§ **Problem details**
Below, some lines carry pictures; leave those pictures out and retype exactly the lines from the one with "AMG CLA 45 S" through the one with "El Libro de la Salud Superabundante".

§ **Entries supplied**
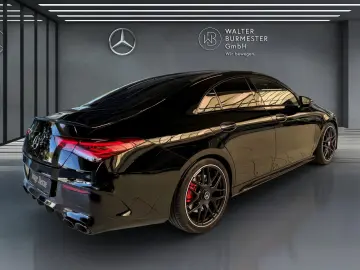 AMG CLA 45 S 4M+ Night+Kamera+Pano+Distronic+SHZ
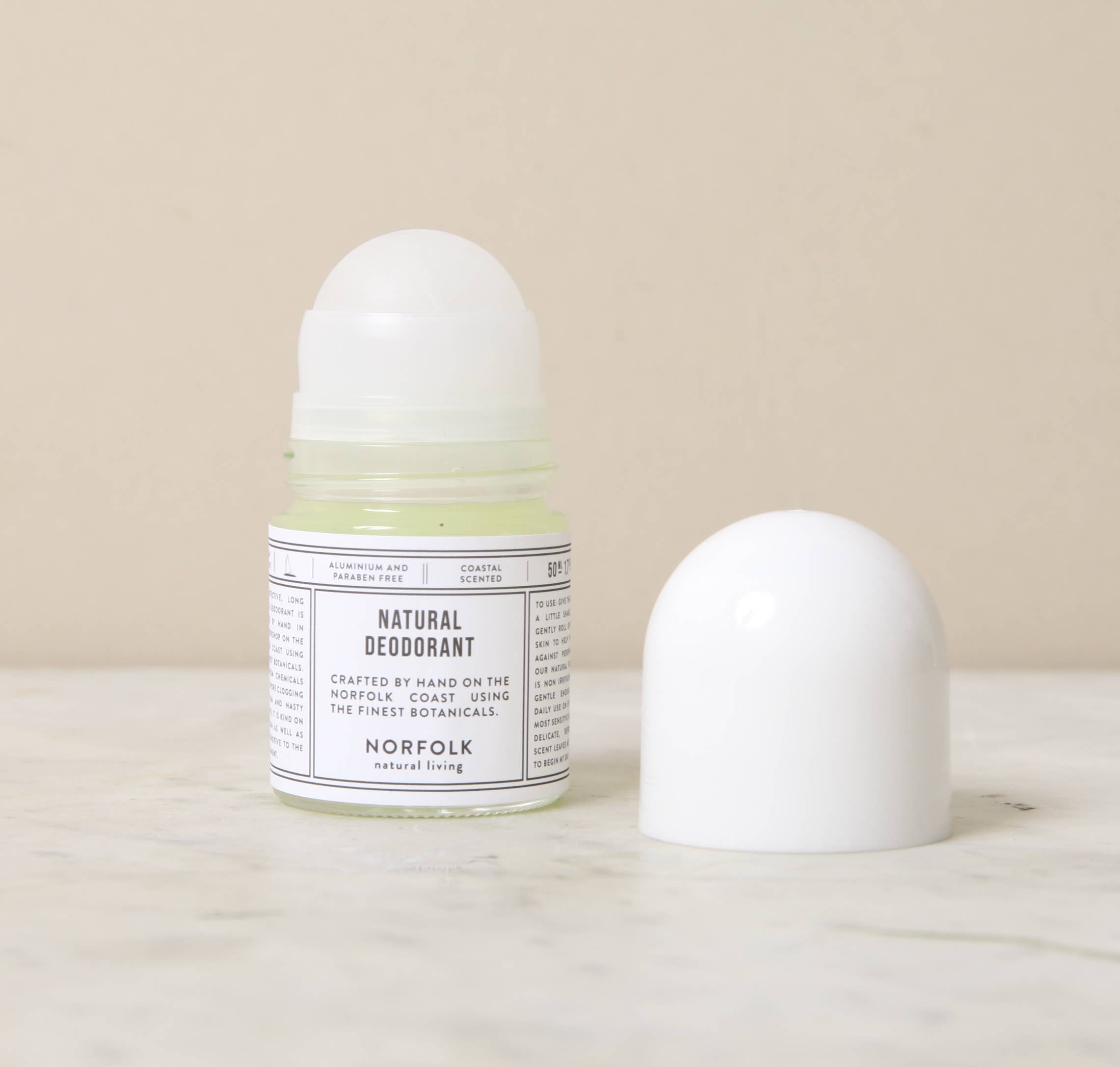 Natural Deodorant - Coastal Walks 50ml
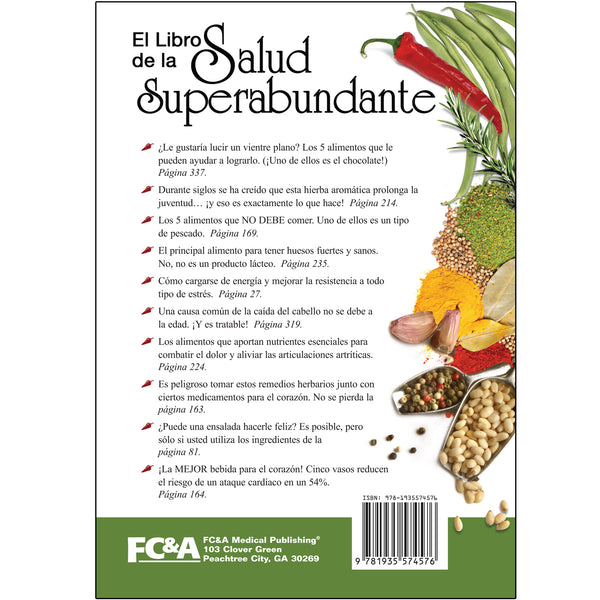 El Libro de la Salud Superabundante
--
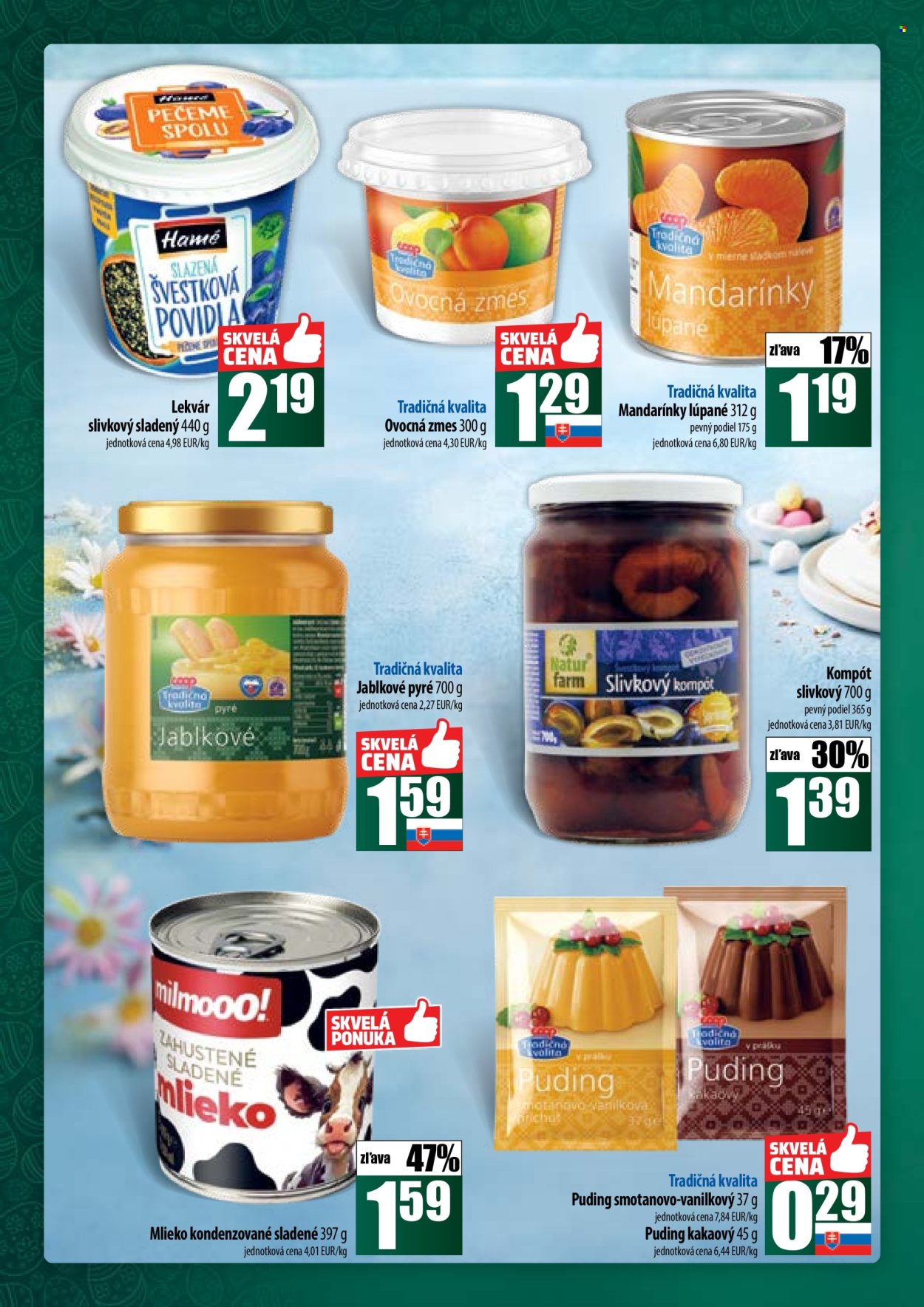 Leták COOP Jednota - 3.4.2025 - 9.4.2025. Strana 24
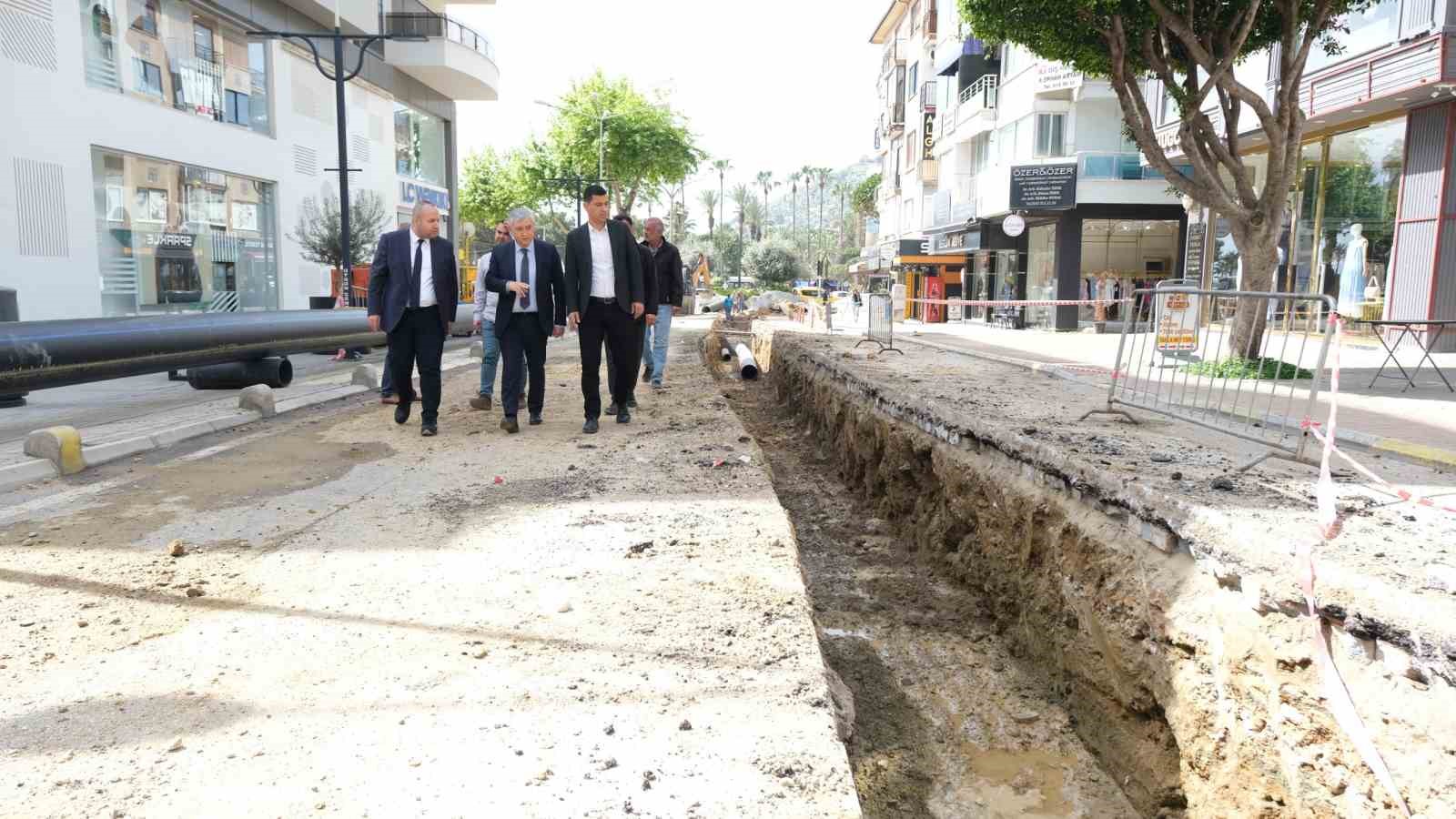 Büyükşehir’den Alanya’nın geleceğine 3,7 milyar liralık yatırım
...
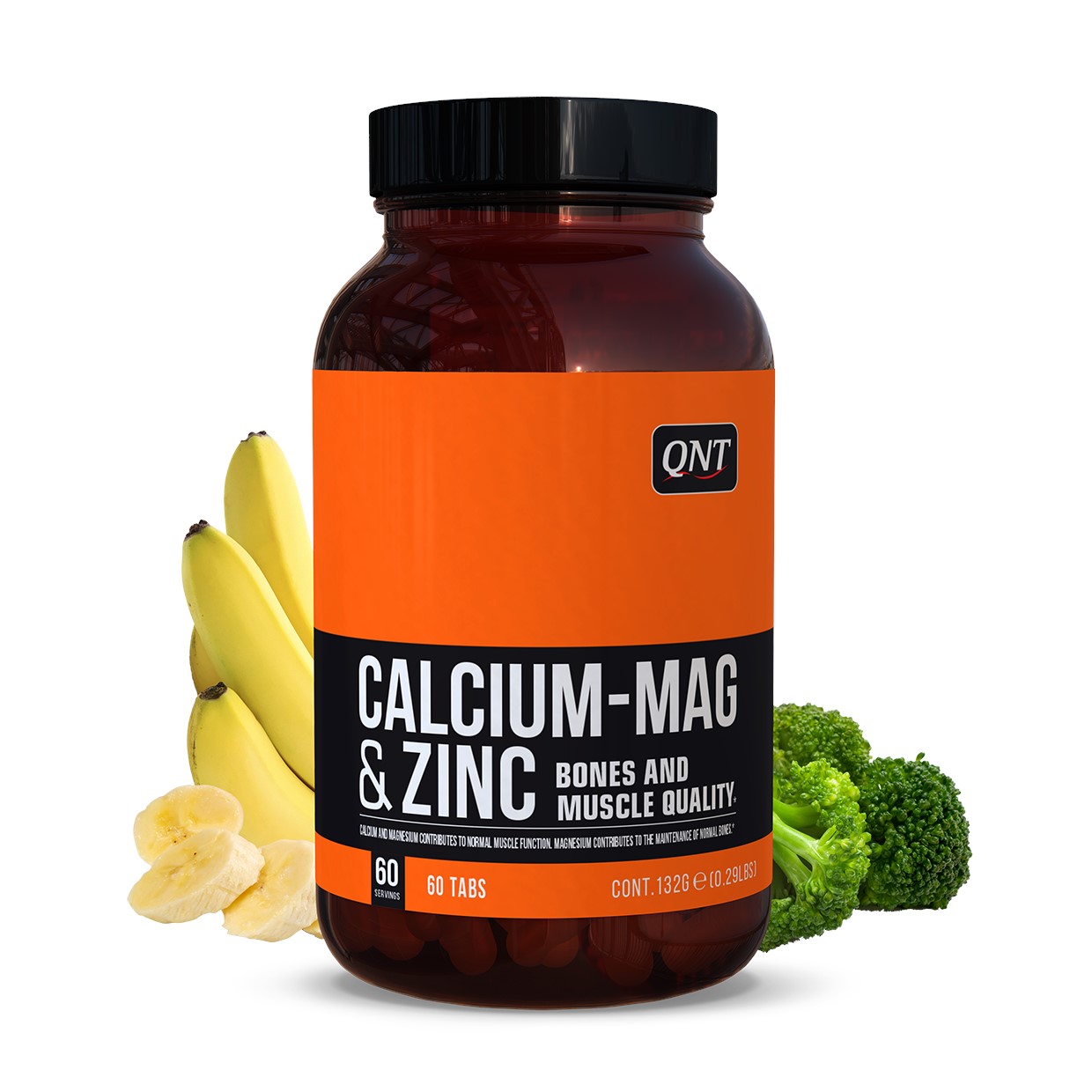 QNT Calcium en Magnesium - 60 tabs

§ **Your solution**
 AMG CLA 45 S 4M+ Night+Kamera+Pano+Distronic+SHZ
 Natural Deodorant - Coastal Walks 50ml
 El Libro de la Salud Superabundante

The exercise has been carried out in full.